Ce sont les regards qui disent la vie comme elle était, comme elle est devenue et comme on rêve qu’elle soit.

Elle photographie une centaine de personnes, de 2 à 95 ans, avec le mot qui, pour elles, symbolise cette crise. Elle l’écrit sur l’adhésif, qu’elle pose sur leur masque et puis cadrage très serré. Pour le Corriere della Sera, ses clichés « ne parlent pas mais hurlent ». Et « chacun peut y se reconnaître ». Antonella explique qu’elle a pensé que « communiquer à travers les yeux serait la forme la plus évocatrice pour exprimer ce que nous avons ressenti », que certains ont accepté tout de suite, que d’autres ont refusé, qu’on l’a parfois contactée parce qu’on voulait en être, qu’il y en a qui ne trouvaient pas le mot, qu’elle devait le faire sortir, jaillir.
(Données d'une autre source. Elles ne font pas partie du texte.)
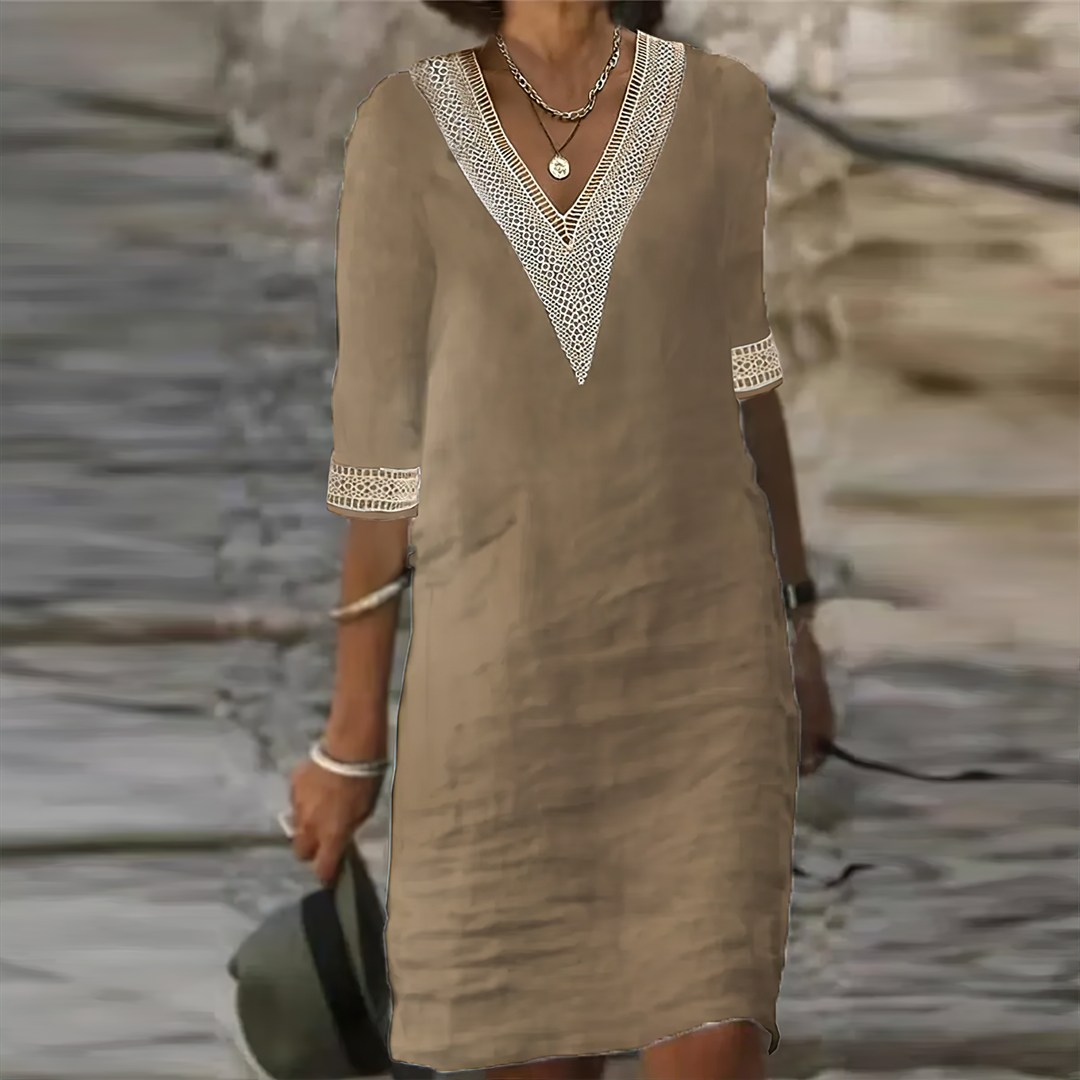 Alice | Women's Summer Dress - Cotton-Linen Blend, Casual Chic 4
Les clichés d'Antonella Sarnico ne parlent pas mais hurlent. Surtout par les regards.
Les clichés d’Antonella Sarnico ne parlent pas mais hurlent. Surtout par les regards.© wabisabigram_

Sur son compte Instagram (wabisabigram_), on voit tous ces mots mariés à tous ces yeux. On voit qu’ils ne sont pas siamois. « Malaise » s’étale sous un regard clair. « Anxiété » sous un déterminé. « Repos » sous un naufragé. « Game over » sous un amusé. « Tranquillité » sous un où on devine des clameurs. « Conscience » sous un grave. « Complot » sous un rieur. « Rage » sous un serein. « Renaissance » sous un qui semble vide. Il y a aussi « Barreaux », « Paix », « Solidarité », « Courage », « Monstres », « Futur », « Maman », « Désespoir », « Espérance », « Peau », « Bord », « Tristesse », « Intimité », « Consternation », « Air », « Gaspillage », « Dépression », « Solitude ». Un très petit tire la langue. Un très vieux n’a que du silence sur son masque.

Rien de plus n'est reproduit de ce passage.